BORN: August 6, 1911 • Jamestown, New York

DIED: April 26, 1989 • Los Angeles, California

American comedian, actress

Widely considered one of the greatest comedians of all time, Lucille Ball created an early television character that still enjoys great popularity around the world after more than fifty years. In October 1951, when she made her debut as the zany housewife Lucy Ricardo in the situation comedy (a type of program that draws humor from continuing characters and their environment) I Love Lucy, she was a forty-year-old actress with more than sixty movies to her credit. But Ball made her greatest impact on the small screen. As the first female superstar of the television era, she changed the course of TV history and had a lasting influence on American culture. "Quite simply, the show was better written, performed, and photographed than anything else the audience had ever seen," Vince Waldron wrote in Classic Sitcoms. "Even today—more than four decades after the series ended its run—few situation comedies can match the look, pacing, and precision of the best episodes of I Love Lucy, television's first classic sitcom."

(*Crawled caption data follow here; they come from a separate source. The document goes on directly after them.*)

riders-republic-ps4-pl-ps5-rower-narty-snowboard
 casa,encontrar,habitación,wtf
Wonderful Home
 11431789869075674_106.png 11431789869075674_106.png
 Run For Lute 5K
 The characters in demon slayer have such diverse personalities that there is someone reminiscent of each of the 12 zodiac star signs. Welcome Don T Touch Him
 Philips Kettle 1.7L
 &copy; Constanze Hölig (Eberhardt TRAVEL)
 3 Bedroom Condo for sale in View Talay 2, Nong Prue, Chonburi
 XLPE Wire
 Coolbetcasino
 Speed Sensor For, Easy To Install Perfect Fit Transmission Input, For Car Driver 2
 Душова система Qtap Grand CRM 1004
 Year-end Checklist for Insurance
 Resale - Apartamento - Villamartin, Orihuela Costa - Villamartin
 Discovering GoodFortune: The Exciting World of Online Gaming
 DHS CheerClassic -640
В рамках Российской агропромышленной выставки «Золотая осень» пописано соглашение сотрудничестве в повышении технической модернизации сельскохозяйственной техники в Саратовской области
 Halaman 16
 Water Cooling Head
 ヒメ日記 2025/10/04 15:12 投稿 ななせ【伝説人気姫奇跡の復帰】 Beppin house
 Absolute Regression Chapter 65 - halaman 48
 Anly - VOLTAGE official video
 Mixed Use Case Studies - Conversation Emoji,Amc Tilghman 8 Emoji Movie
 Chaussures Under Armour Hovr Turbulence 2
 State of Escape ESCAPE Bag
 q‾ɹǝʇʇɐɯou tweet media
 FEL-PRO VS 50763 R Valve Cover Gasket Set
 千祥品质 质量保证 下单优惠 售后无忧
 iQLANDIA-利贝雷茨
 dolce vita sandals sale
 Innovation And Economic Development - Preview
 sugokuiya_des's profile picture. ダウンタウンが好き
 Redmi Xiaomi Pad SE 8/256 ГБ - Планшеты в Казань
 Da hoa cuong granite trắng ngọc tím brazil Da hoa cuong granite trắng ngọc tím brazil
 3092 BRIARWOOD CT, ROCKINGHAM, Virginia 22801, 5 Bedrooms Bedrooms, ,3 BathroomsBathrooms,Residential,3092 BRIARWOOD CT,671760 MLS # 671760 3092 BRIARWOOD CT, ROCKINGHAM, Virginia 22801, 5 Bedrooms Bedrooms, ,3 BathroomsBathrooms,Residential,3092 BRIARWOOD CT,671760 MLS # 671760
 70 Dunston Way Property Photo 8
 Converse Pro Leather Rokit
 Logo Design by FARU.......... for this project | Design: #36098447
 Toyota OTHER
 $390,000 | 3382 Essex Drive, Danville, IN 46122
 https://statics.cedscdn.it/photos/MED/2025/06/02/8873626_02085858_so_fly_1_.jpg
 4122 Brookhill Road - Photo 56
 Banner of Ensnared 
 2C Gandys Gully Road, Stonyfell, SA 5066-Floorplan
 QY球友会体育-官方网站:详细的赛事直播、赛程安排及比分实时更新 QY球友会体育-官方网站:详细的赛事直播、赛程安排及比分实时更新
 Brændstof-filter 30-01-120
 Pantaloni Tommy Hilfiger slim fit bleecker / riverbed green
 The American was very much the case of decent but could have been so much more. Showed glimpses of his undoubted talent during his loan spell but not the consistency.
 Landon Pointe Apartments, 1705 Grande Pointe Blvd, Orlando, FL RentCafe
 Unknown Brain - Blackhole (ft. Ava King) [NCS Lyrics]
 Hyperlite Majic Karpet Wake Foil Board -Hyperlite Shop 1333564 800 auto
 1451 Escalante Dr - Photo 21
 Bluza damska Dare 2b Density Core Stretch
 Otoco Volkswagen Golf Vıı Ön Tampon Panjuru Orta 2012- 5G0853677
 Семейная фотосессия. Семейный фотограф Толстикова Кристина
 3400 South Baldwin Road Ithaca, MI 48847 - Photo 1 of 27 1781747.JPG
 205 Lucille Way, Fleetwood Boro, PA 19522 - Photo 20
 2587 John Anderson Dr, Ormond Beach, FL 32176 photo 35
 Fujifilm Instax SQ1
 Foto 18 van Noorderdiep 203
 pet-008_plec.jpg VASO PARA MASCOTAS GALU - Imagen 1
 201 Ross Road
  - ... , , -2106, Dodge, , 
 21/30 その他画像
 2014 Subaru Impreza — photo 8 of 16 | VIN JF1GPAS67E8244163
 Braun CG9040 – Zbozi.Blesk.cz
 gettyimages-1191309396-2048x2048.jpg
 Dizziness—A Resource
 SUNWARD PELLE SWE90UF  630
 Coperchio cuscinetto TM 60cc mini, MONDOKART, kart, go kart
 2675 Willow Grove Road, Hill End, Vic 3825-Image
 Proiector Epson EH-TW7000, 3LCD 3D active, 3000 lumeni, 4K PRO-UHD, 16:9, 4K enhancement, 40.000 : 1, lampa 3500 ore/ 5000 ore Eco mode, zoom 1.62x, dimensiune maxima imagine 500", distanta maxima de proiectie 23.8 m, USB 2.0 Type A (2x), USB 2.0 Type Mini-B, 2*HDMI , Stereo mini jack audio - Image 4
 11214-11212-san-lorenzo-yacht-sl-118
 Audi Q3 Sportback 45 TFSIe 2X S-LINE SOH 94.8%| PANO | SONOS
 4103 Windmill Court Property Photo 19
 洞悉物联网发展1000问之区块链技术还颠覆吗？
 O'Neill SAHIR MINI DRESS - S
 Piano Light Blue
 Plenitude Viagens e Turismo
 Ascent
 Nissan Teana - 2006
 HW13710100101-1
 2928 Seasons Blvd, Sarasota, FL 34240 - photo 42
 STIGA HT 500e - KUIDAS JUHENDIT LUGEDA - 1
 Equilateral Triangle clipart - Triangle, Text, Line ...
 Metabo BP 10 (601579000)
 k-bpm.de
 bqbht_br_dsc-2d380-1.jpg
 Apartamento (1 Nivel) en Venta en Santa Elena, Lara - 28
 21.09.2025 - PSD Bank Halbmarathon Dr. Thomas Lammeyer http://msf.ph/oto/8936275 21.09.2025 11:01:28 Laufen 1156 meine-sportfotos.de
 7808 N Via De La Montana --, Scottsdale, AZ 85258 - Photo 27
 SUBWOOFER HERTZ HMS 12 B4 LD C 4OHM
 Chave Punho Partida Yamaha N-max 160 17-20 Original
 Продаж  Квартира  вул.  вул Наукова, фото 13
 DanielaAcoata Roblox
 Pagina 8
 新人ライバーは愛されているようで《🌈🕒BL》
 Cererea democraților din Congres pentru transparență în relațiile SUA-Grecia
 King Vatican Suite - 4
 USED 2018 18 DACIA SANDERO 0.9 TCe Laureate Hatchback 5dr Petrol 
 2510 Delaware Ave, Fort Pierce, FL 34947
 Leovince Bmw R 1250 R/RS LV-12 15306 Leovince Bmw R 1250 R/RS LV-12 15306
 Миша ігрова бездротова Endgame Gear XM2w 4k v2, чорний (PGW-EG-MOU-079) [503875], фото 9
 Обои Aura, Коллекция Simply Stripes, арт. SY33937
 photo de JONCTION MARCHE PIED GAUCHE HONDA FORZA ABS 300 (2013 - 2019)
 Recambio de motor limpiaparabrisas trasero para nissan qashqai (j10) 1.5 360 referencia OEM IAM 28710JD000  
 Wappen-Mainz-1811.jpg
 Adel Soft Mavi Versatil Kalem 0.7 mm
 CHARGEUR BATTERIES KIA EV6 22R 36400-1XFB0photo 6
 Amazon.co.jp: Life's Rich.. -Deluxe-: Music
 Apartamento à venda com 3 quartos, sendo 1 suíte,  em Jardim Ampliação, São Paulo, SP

"I never thought I was funny. I don't think funny."

A young actress and model

Lucille Desiree Ball was born in Jamestown, New York, on August 6, 1911. She was the eldest of two children born to Henry Durell Ball and Desiree (DeDe) Hunt. Ball's father was a telephone lineman for the Bell Company, and the family moved to Montana and then Michigan before Ball was four years old. In 1915, Henry Ball died, and the family moved back to Jamestown to live with Ball's grandparents.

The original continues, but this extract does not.